Lost in the media memory hole is the fact that Brett Kavanaugh, then an adviser to President George W. Bush and one of his most controversial judicial appointees, had to go through the nomination process twice because of strenuous objection to his nomination, once in 2004 and again in 2006.
Roll Call recently reported, Democratic Senators Once Accused Potential Trump SCOTUS Pick of Offering Misleading Testimony:
Senators might find themselves debating whether the judge gave false testimony about detainee policy the last time he had a confirmation hearing.
That is in part because the two senators who suggested Kavanaugh may have misled them still serve on the Judiciary Committee.
Kavanaugh’s potential connection to the detention policies in the early 2000s stems from his work as a lawyer in the White House during the George W. Bush administration.
The question of what Kavanaugh knew about the interrogation programs was a topic of discussion during Senate consideration of his nomination to be a judge on the U.S. Court of Appeals for the D.C. Circuit.
Illinois Democratic Sen.
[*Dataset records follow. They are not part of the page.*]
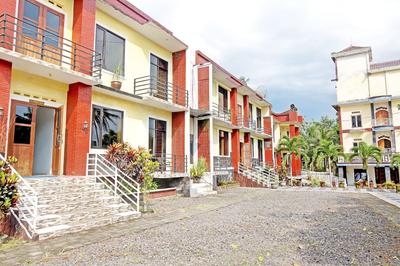 OYO 90878 Pakem Sari Hotel & Convetion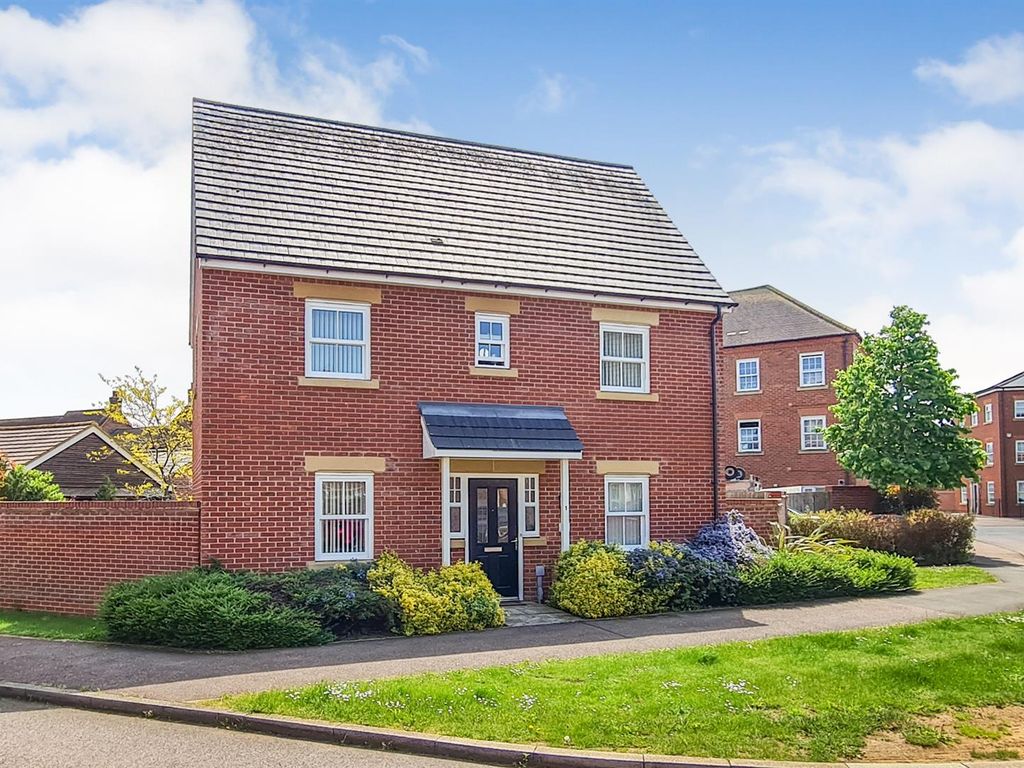 3 bed detached house for sale in Pennard Close, Great Denham, Bedford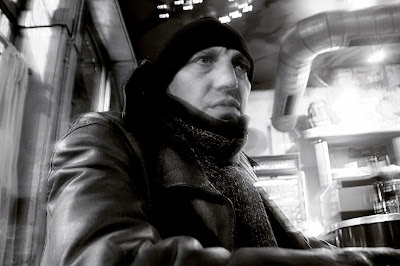 portrait de Vin Rouge (Philippe Grandhenry) présentateur du festival 'les ardentes' à Liège, photo © dominique houcmant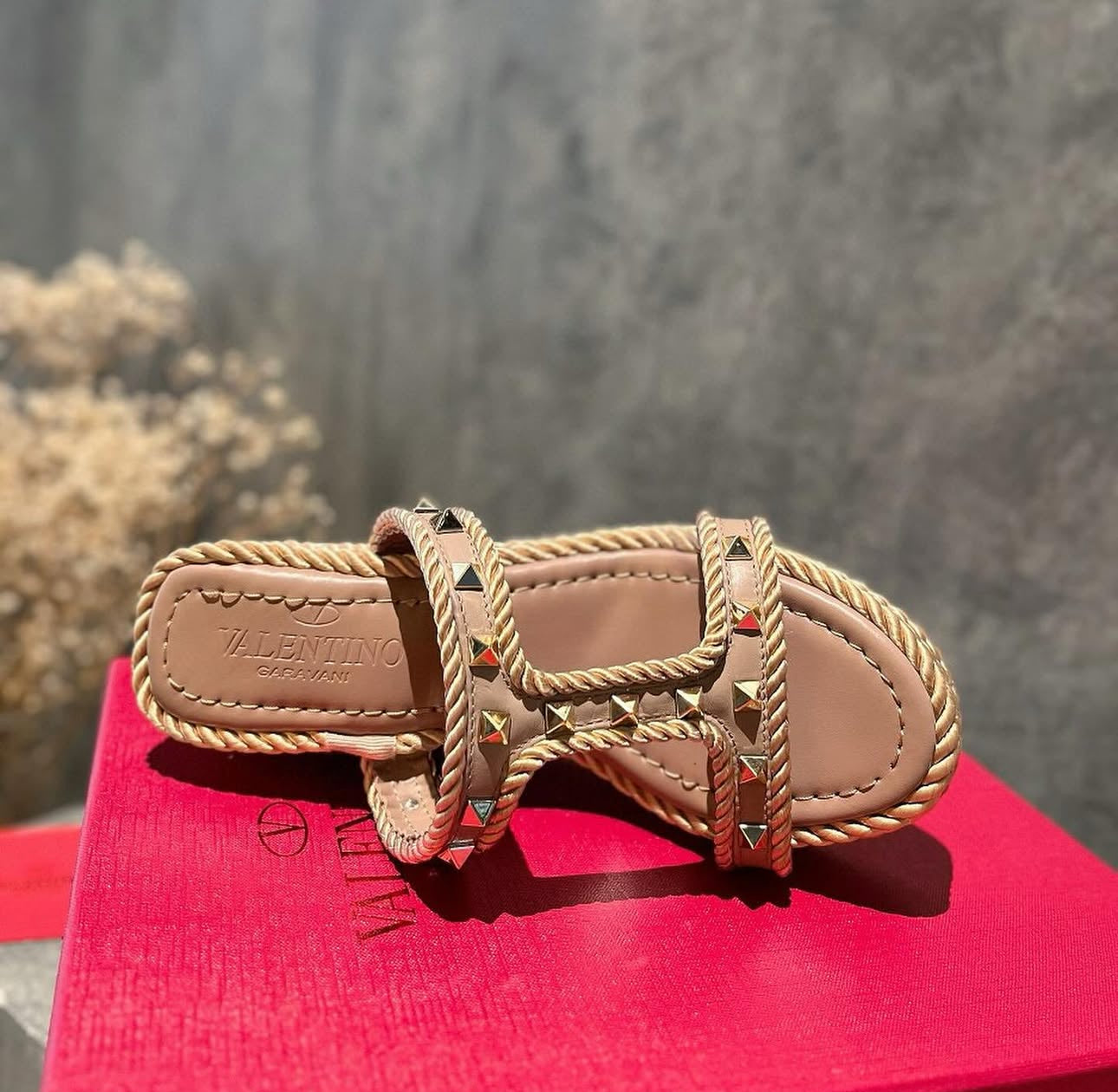 Rockstud Wedges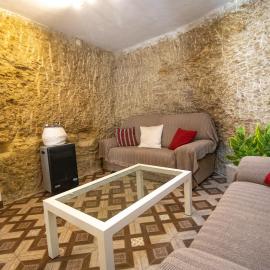 Casa Aveda en la Roca - by Allexperiences، فندق في سيتينيل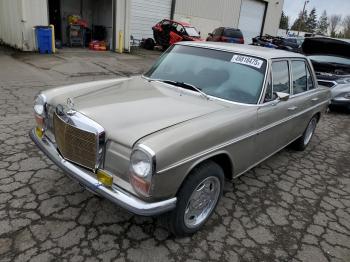  Salvage Mercedes-Benz 220-class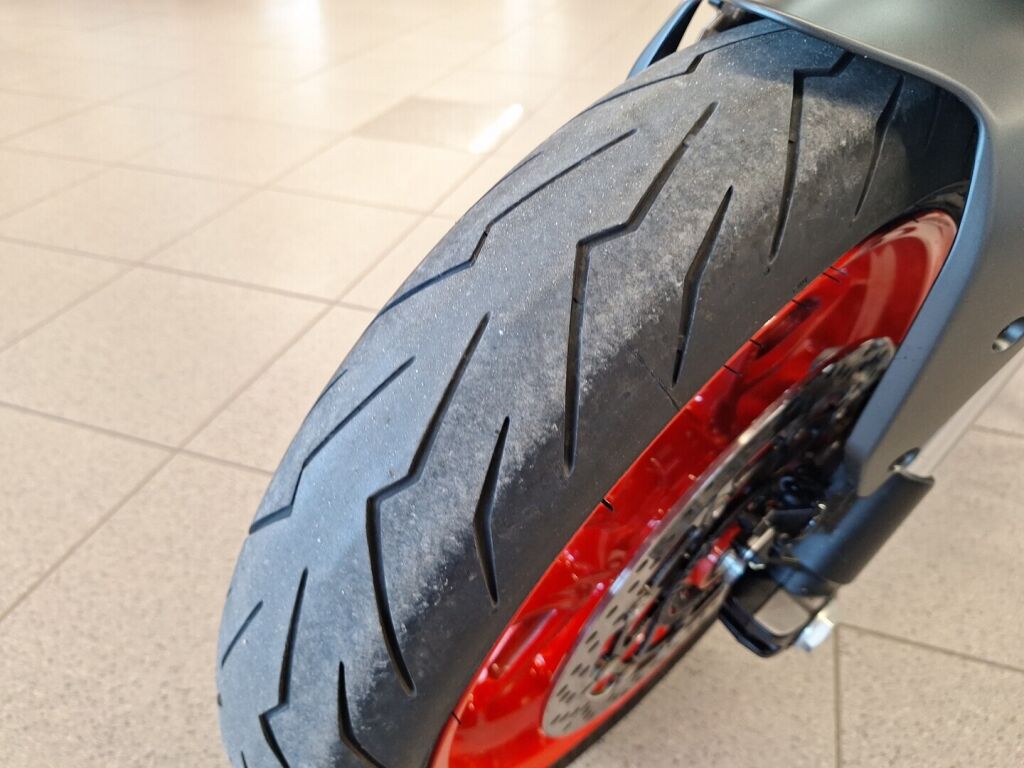 Ducati Monster 2021 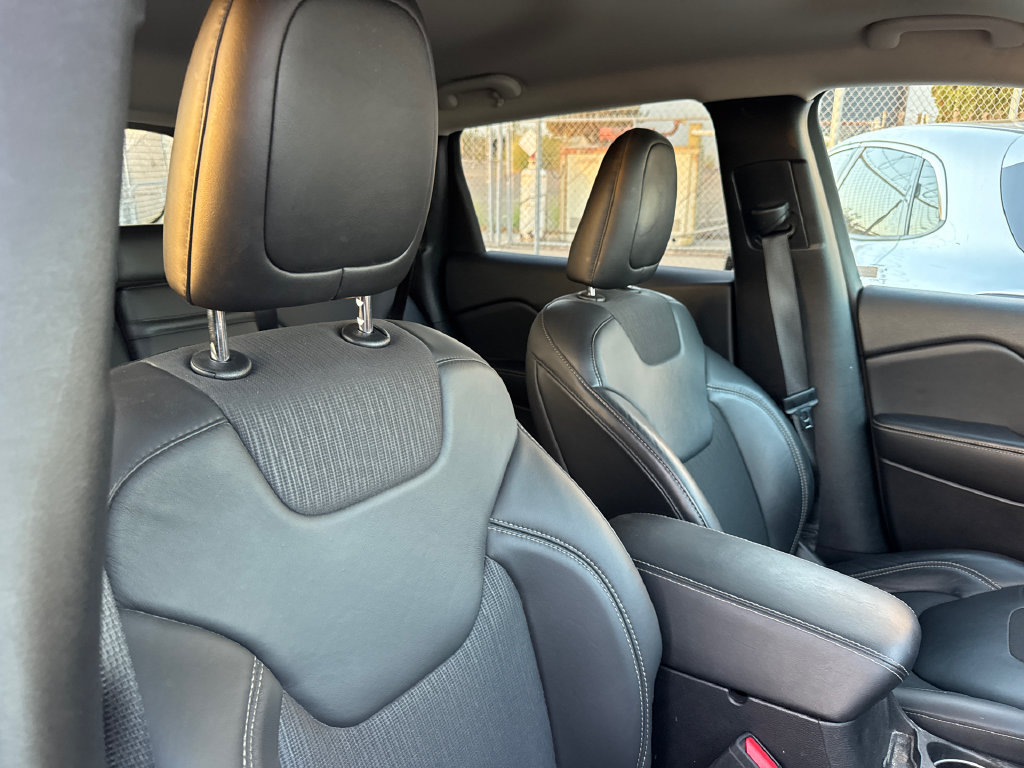 Used 2018 Jeep Cherokee Latitude Plus FWD image 3
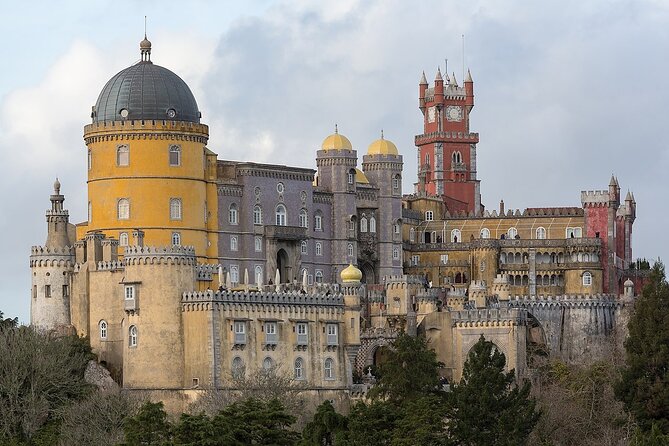 Full-Day Private Tour Sintra and Cascais with Pick Up - Exploring Sintra’s Palaces and Historic Streets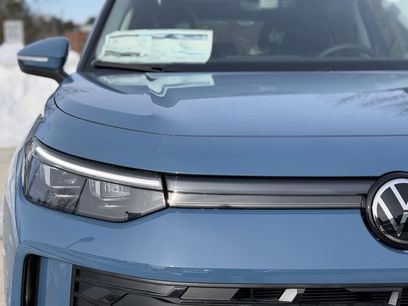 New 2026 Volkswagen Tiguan SE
Richard J. Durbin, the current minority whip and a long time member of the Judiciary Committee, asked Kavanaugh back in 2006 what he knew about the involvement of William J. Haynes II, who had been a Bush nominee for a Fourth Circuit seat, in developing detainee policies.
“Senator, I did not — I was not involved and am not involved in the questions about the rules governing detention of combatants — and so I do not have the involvement with that,” Kavanaugh said back in May 2006.
Kavanaugh was confirmed. But the following year, news reports established that this answer was misleading at best, and lying to Congress at worst. NPR reported in 2007, Federal Judge Downplayed Role in Detainee Cases:
One of President Bush’s most controversial judicial appointees, Brett Kavanaugh, may have been less-than-forthright with Congress at a crucial hearing last year to confirm his appointment to a seat on the powerful federal appeals court in Washington, D.C.